Ci racconta quello che è successo, comandante?
«Eravamo in pattugliamento a sud, nel tratto prospiciente alle coste yemenite, in acque internazionali. A un tratto c’è arrivato un “eco radar” sconosciuto, il segnale era a 8 miglia di distanza. Un profilo in movimento, a bassa quota e in rapido avvicinamento. Minaccioso. Un drone? Un missile? Un aereo? Così, prima gli abbiamo lanciato delle chiamate di avvertimento, invitandolo a cambiare rotta».
Risposta?
«Nessuna. Ma era già passato il tramonto, il Mar Rosso era buio, per essere sicuri su come agire serviva un riconoscimento ottico, così abbiamo usato le telecamere a infrarossi del radar di tiro. Quando il profilo è arrivato a 6 miglia, abbiamo visto che non era un aereo alleato. I sensori di bordo hanno inquadrato un drone della stessa tipologia e comportamento di quelli che nei giorni scorsi si sono resi autori degli attacchi al traffico mercantile in area».
Un drone.
«Esatto. E a quel punto era ormai a 4 miglia, non c’era altro da fare. Così ho preso la decisione. Dovevo difendere la mia nave e il mio equipaggio e ho dato il comando all’operatore del radar di tiro: il cannone di prora dritta ha sparato 6 colpi, dopo pochi secondi l’apprezzamento ottico ci ha confermato l’abbattimento. Nave Duilio ha reagito per autodifesa».
Quando i comandanti delle navi italiane mi hanno scritto
per dirmi
grazie, io mi sono commosso
In tanti, il governo in testa, vi hanno fatto i complimenti. L’ammiraglio Enrico Credendino, Capo di stato maggiore della Marina Militare, ha ricordato che dal «mantenere aperte le vie marittime dipende gran parte dell’economia e del benessere» del nostro Paese.
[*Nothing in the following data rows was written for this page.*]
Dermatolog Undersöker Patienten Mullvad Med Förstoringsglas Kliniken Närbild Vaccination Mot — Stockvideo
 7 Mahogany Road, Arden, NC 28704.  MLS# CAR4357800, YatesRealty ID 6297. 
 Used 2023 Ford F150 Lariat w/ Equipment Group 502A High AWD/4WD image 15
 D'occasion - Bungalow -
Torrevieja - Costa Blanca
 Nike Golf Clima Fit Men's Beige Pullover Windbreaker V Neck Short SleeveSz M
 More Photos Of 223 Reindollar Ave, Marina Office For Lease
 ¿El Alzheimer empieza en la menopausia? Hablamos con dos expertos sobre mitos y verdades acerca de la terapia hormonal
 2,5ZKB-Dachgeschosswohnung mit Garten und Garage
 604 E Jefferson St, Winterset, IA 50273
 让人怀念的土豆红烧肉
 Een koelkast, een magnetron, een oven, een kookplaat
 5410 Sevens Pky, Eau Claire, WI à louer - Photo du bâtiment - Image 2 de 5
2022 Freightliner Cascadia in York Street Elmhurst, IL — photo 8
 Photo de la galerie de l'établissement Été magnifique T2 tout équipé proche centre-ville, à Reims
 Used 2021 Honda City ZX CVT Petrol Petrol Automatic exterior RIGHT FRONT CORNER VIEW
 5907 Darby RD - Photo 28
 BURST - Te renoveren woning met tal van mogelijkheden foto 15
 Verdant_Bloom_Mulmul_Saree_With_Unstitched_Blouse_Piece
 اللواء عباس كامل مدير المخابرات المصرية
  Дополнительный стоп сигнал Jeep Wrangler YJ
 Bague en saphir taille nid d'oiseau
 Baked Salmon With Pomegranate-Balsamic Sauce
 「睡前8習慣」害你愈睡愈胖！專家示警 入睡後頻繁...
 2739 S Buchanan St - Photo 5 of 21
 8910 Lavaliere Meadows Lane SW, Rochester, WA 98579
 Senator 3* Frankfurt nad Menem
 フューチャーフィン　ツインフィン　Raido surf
«Ho molto apprezzato le sue parole e le ho trasmesse subito ai 234 membri del mio equipaggio, uomini e donne, che affrontano quaggiù enormi sacrifici per proteggere i mercantili. Mio padre Benedetto, ora in pensione, era un capitano di lungo corso, comandava anche lui i cargo. Così, dopo il drone abbattuto, quando mi hanno scritto per ringraziarmi i comandanti della Jolly Rosa e della Grande Baltimora, navi italiane, mi sono commosso. Ho pensato a mio papà e a mia mamma Fiorella che non c’è più. Lei per anni ha fatto da madre e da padre a me e mio fratello, perché a casa i comandanti non ci sono quasi mai. Io ho tre figli: la nostra è una vita di orgoglio e rinunce».
Anche i social ieri sono impazziti, c’è chi ha paragonato la Duilio addirittura a Mosè, capace di aprire le acque del Mar Rosso…
«Esagerati. Noi marinai siamo gente umile».
«Nave Duilio è nel Mar Rosso da un mese, la nostra è un’operazione nazionale, prima di noi a pattugliare queste acque pericolose c’erano la Virginio Fasan e poi la Federico Martinengo. L’ammiraglio Costantino era presente, certo, ma ho deciso io in maniera autonoma l’abbattimento del drone».
Il motto della Duilio è «Nomen Numen». Vi si riconosce?
«La forza sta nel nome, già. Caio Duilio, il console romano che sconfisse le navi cartaginesi. Diciamo che spero di esserne all’altezza, ma è anche vero che quando penso ai grandi ammiragli italiani, uno su tutti, Paolo Thaon di Revel, mi tremano le gambe. La storia della Marina, però, è fatta anche da donne: qui l’ufficiale medico, l’ufficiale della logistica e il direttore di macchina, sono donne. È una donna che dà propulsione alla Duilio. E al mondo».